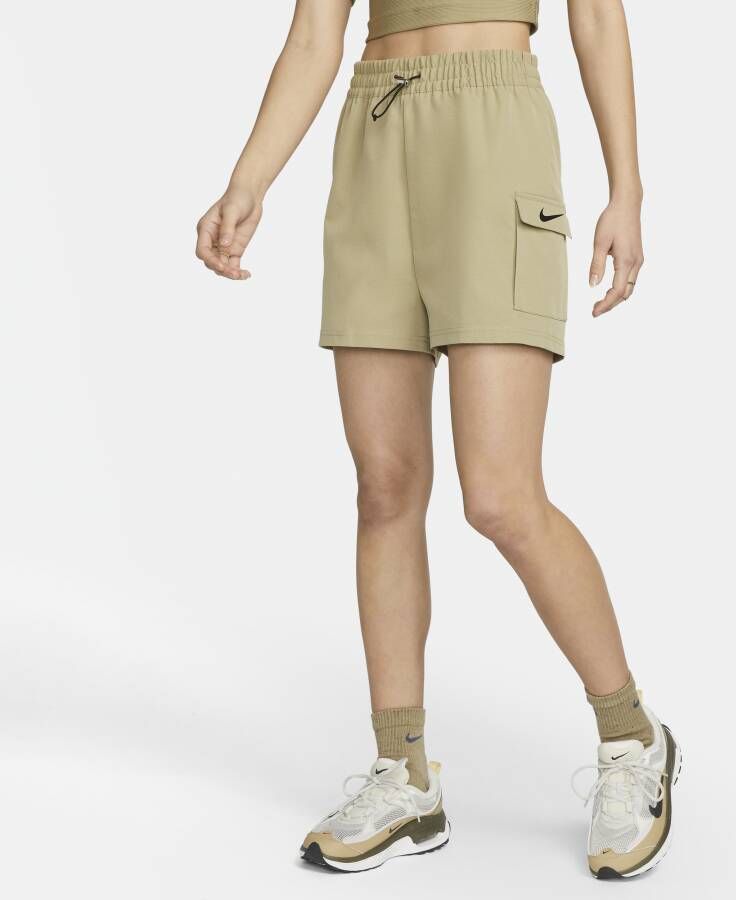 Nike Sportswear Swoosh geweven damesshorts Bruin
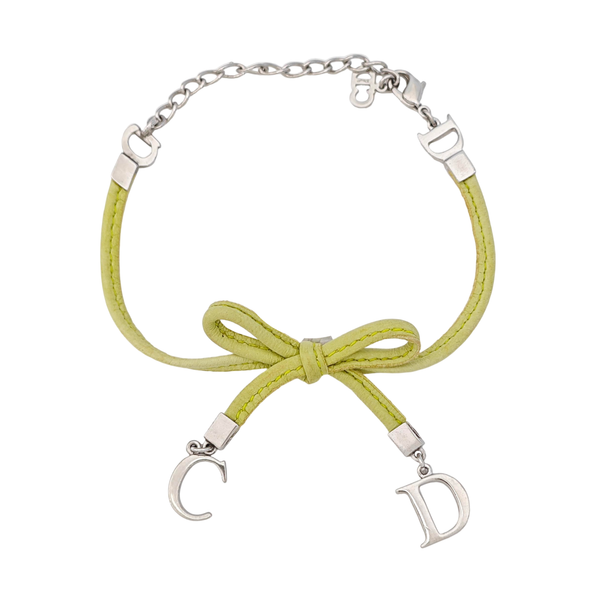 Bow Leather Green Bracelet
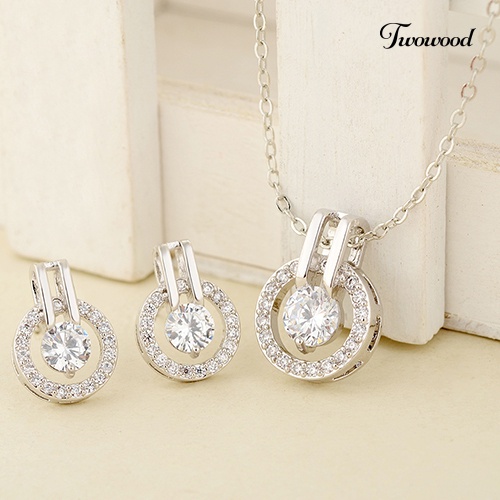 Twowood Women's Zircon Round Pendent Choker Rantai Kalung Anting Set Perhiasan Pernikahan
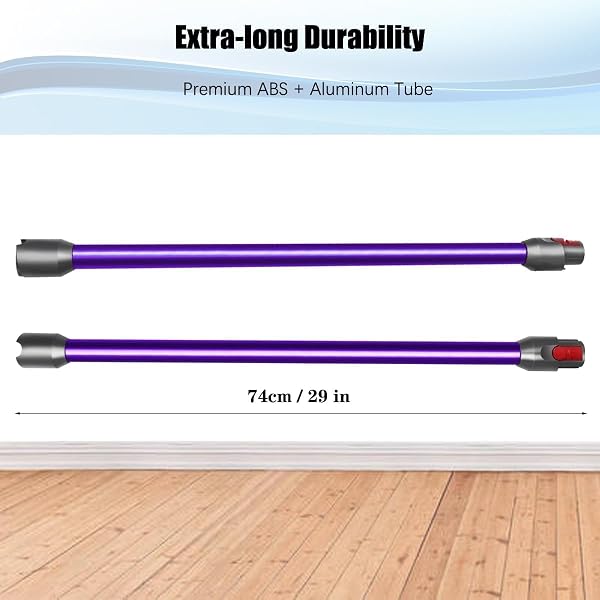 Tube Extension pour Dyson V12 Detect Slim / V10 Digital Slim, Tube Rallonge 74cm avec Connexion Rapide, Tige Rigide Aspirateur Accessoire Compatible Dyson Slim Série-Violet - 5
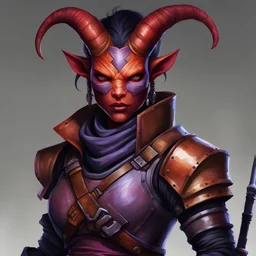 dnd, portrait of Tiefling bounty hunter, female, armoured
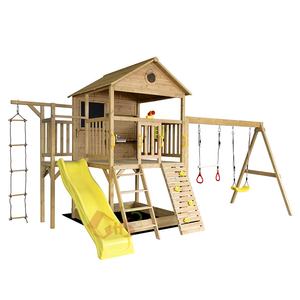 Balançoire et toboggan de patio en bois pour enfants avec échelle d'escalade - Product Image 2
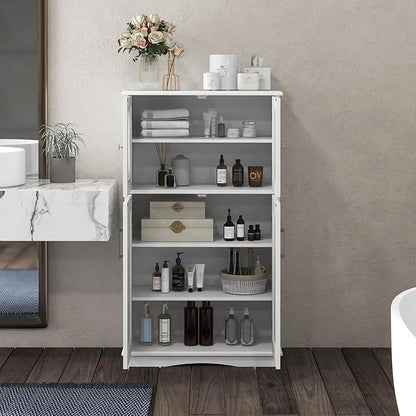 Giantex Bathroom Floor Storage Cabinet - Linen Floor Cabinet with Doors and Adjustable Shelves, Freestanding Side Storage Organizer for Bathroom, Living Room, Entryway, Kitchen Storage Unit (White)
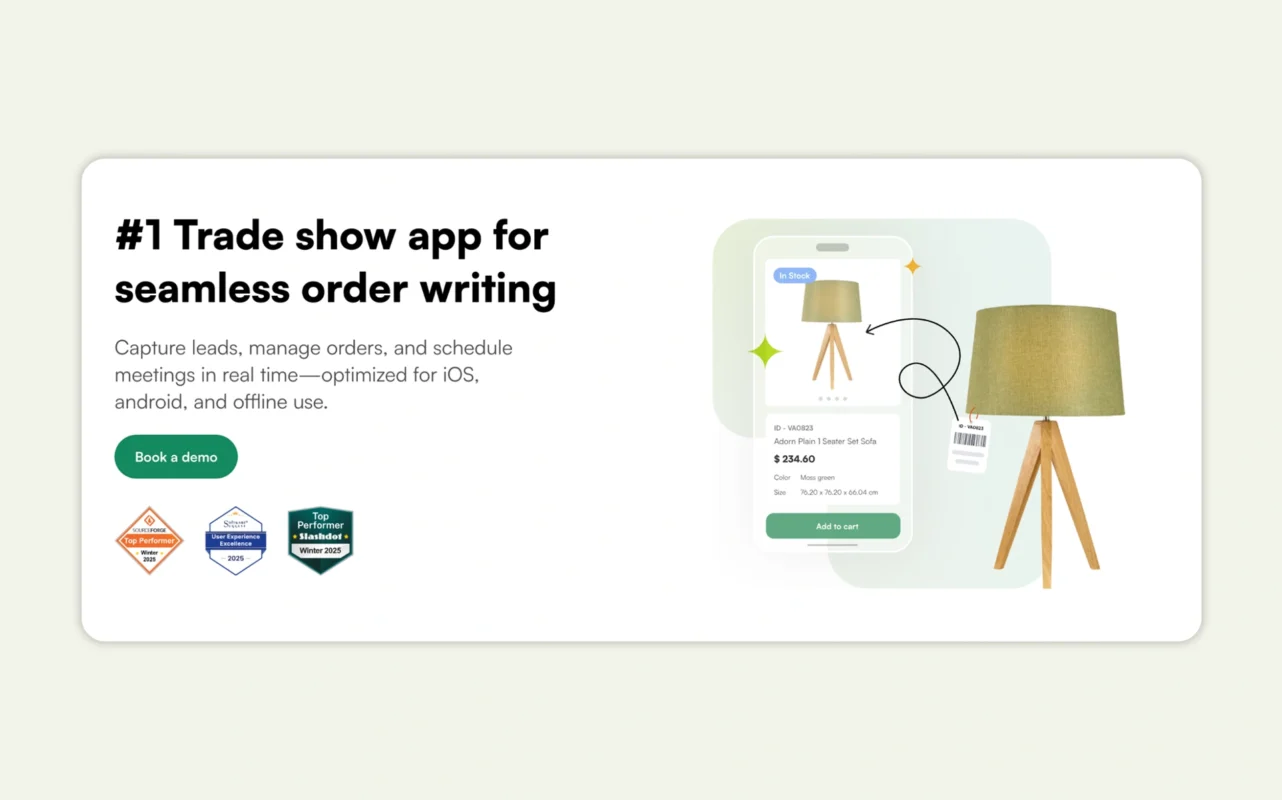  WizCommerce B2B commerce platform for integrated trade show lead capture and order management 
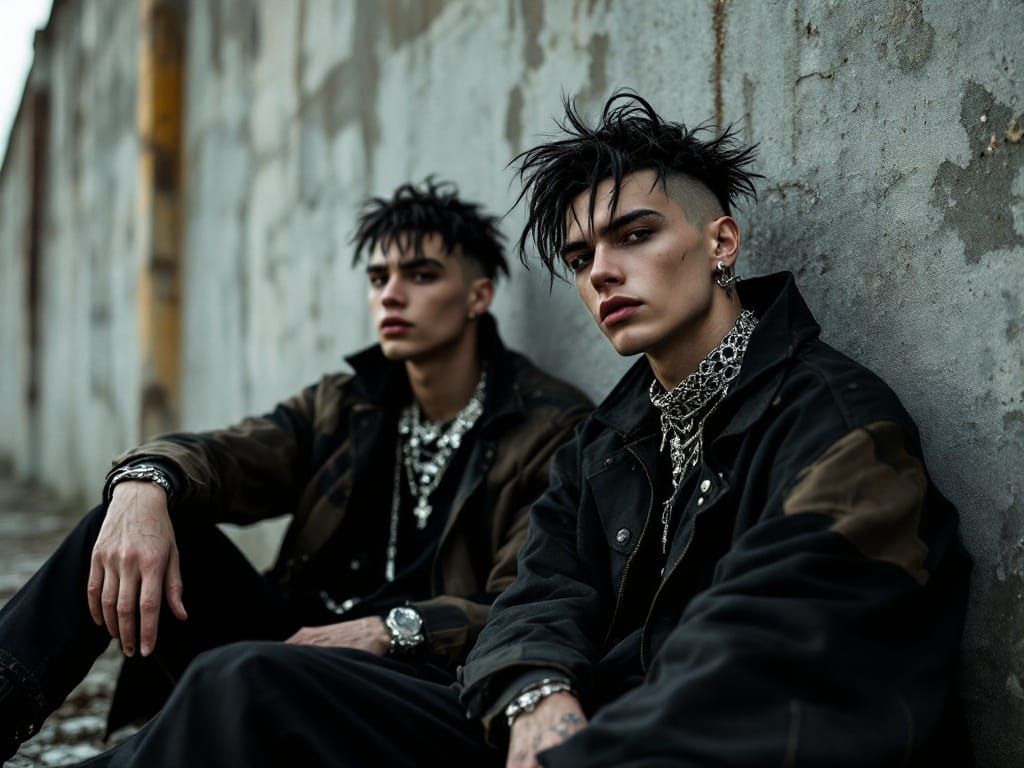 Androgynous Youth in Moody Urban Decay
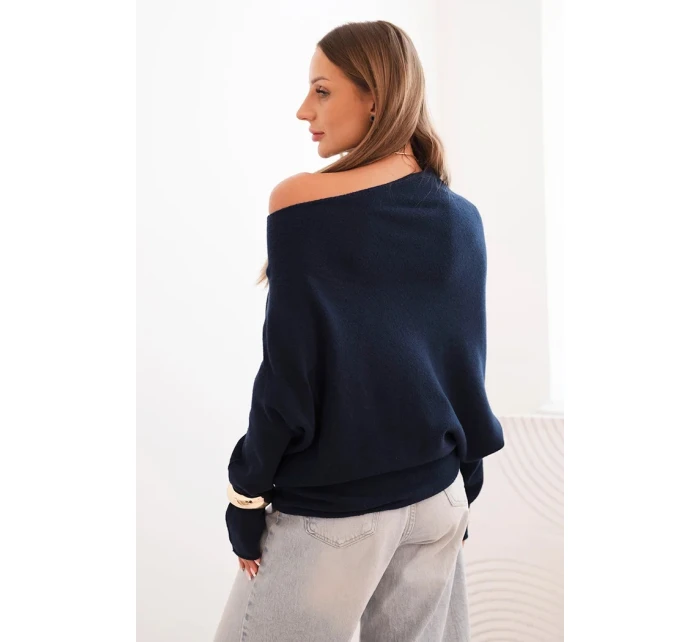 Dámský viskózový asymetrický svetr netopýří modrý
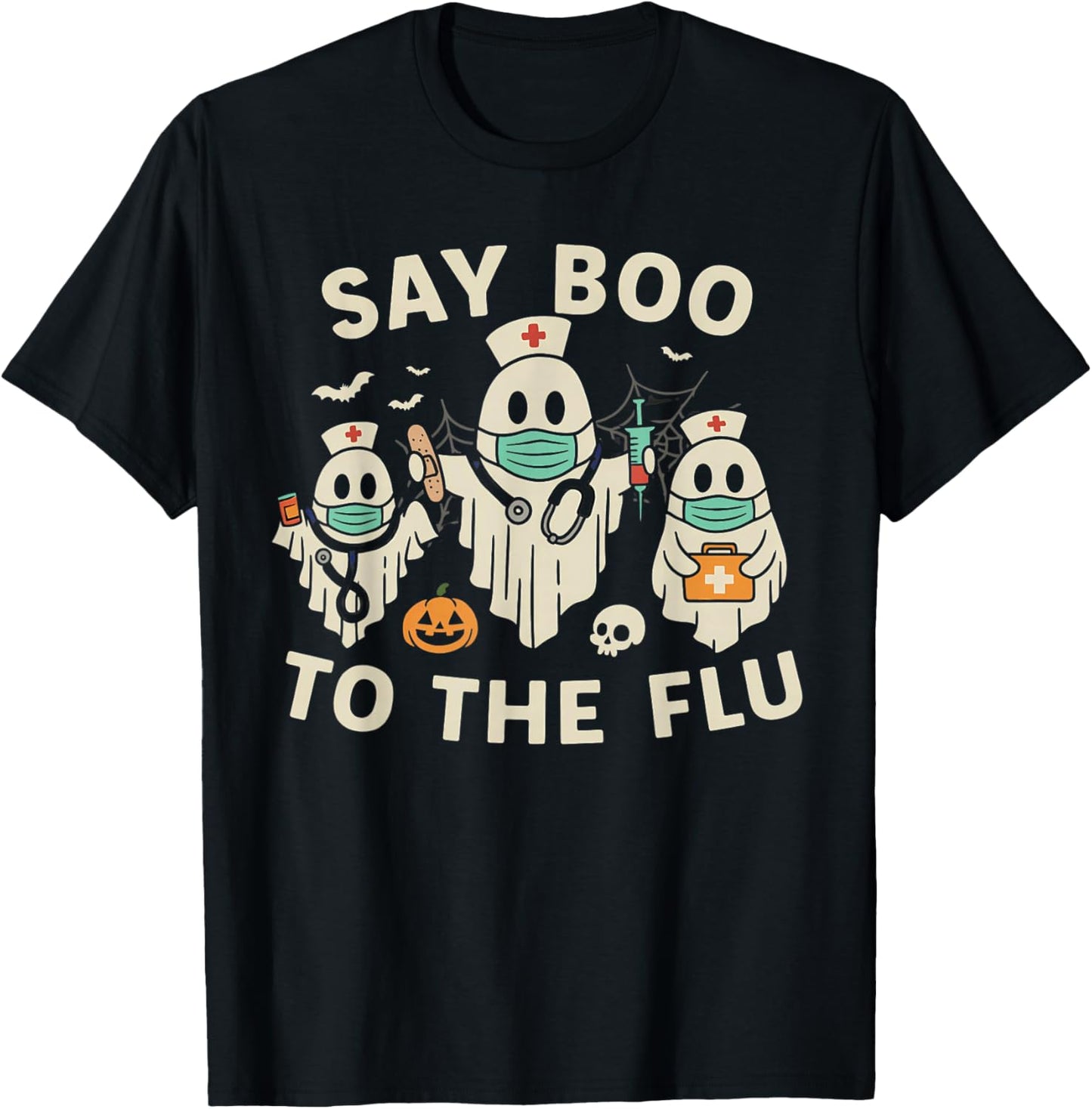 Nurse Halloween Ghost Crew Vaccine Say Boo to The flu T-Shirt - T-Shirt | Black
◆ ◆ ◆ ◆
Copy the lines exactly. Start at the line with "WizCommerce B2B commerce", end at the last line above, include both, and omit all pictures.

  WizCommerce B2B commerce platform for integrated trade show lead capture and order management 
 Androgynous Youth in Moody Urban Decay
 Dámský viskózový asymetrický svetr netopýří modrý
 Nurse Halloween Ghost Crew Vaccine Say Boo to The flu T-Shirt - T-Shirt | Black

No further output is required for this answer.